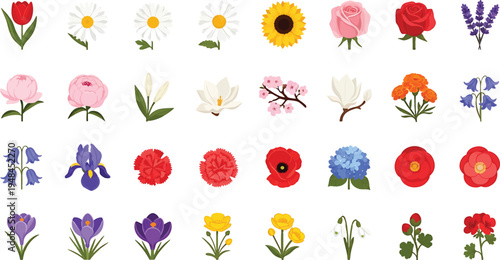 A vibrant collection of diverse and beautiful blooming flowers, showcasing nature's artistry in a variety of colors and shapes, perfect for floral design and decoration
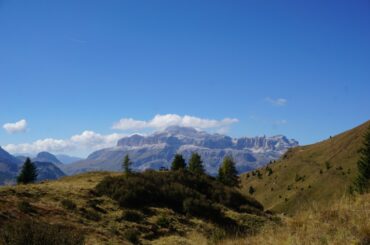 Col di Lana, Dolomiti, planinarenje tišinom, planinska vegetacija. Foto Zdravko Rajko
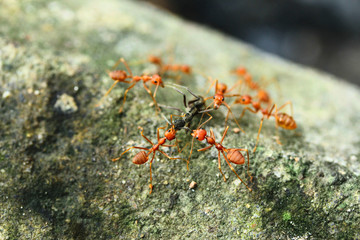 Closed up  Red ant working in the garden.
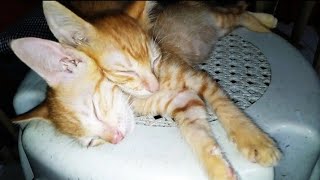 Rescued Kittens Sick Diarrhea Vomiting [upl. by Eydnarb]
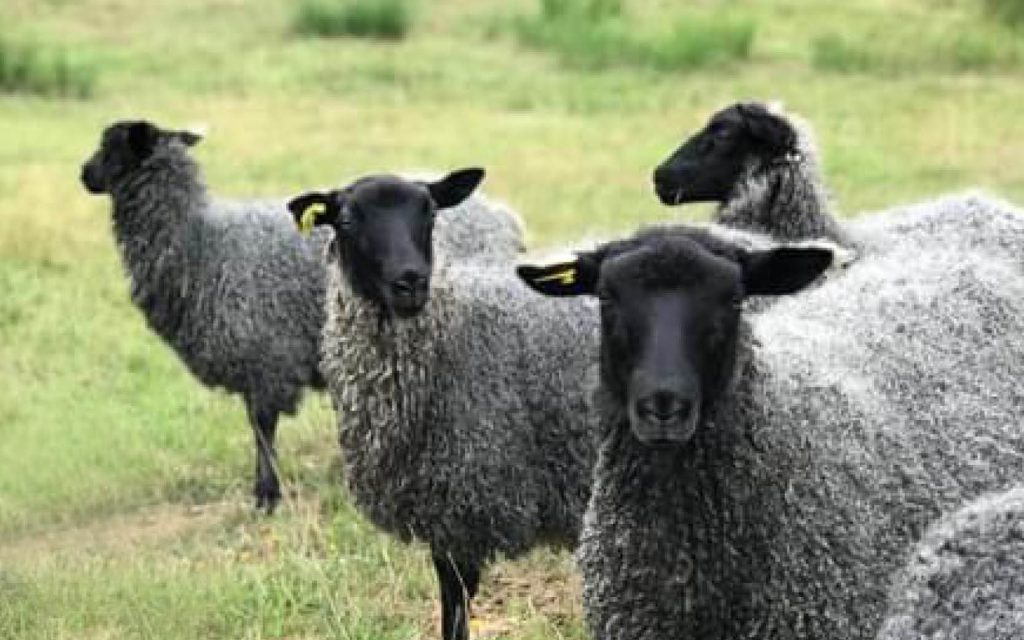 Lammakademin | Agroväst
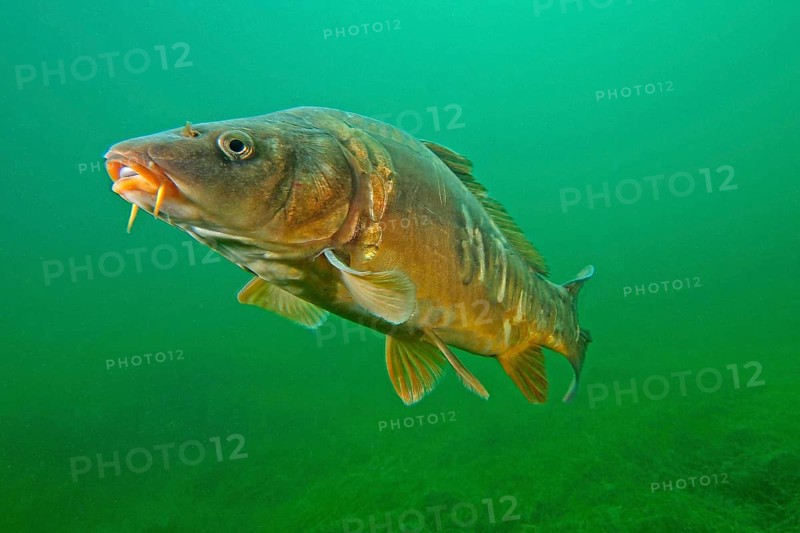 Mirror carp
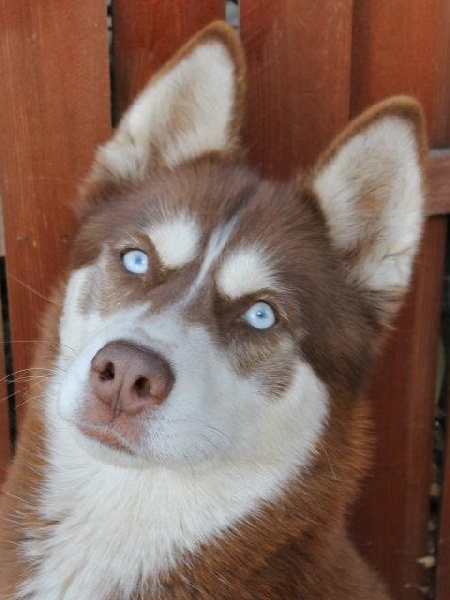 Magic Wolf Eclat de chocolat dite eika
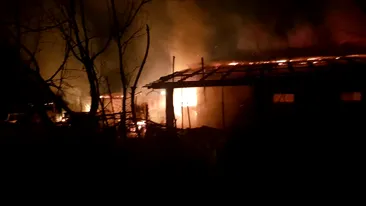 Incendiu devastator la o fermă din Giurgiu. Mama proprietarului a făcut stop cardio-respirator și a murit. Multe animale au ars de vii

--

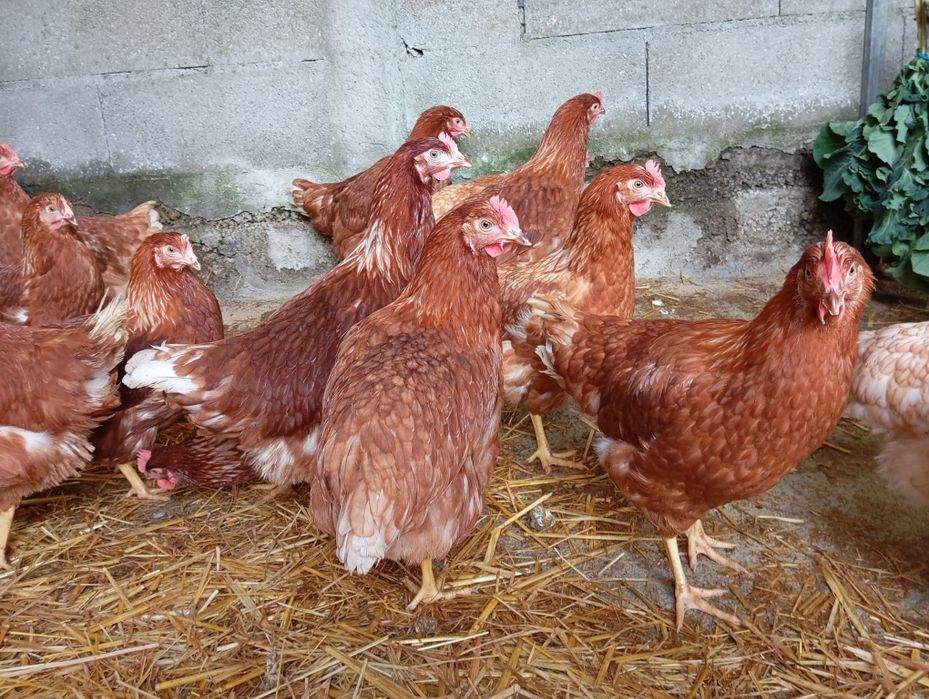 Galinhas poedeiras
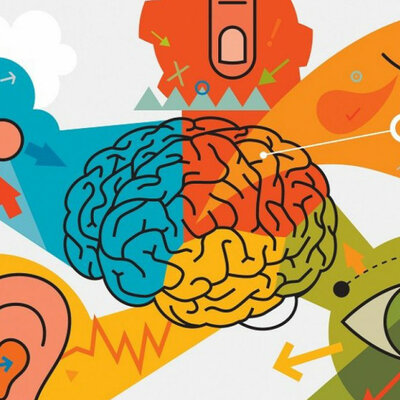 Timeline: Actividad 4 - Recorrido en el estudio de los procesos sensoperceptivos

## WHAT TO WORK ON
Give back the exact lines above, running from the one that has "Magic Wolf Eclat de chocolat dite eika" through the one that has "Incendiu devastator la", with nothing added and no pictures.

## ANSWER TO THIS EXERCISE
 Magic Wolf Eclat de chocolat dite eika
 Incendiu devastator la o fermă din Giurgiu. Mama proprietarului a făcut stop cardio-respirator și a murit. Multe animale au ars de vii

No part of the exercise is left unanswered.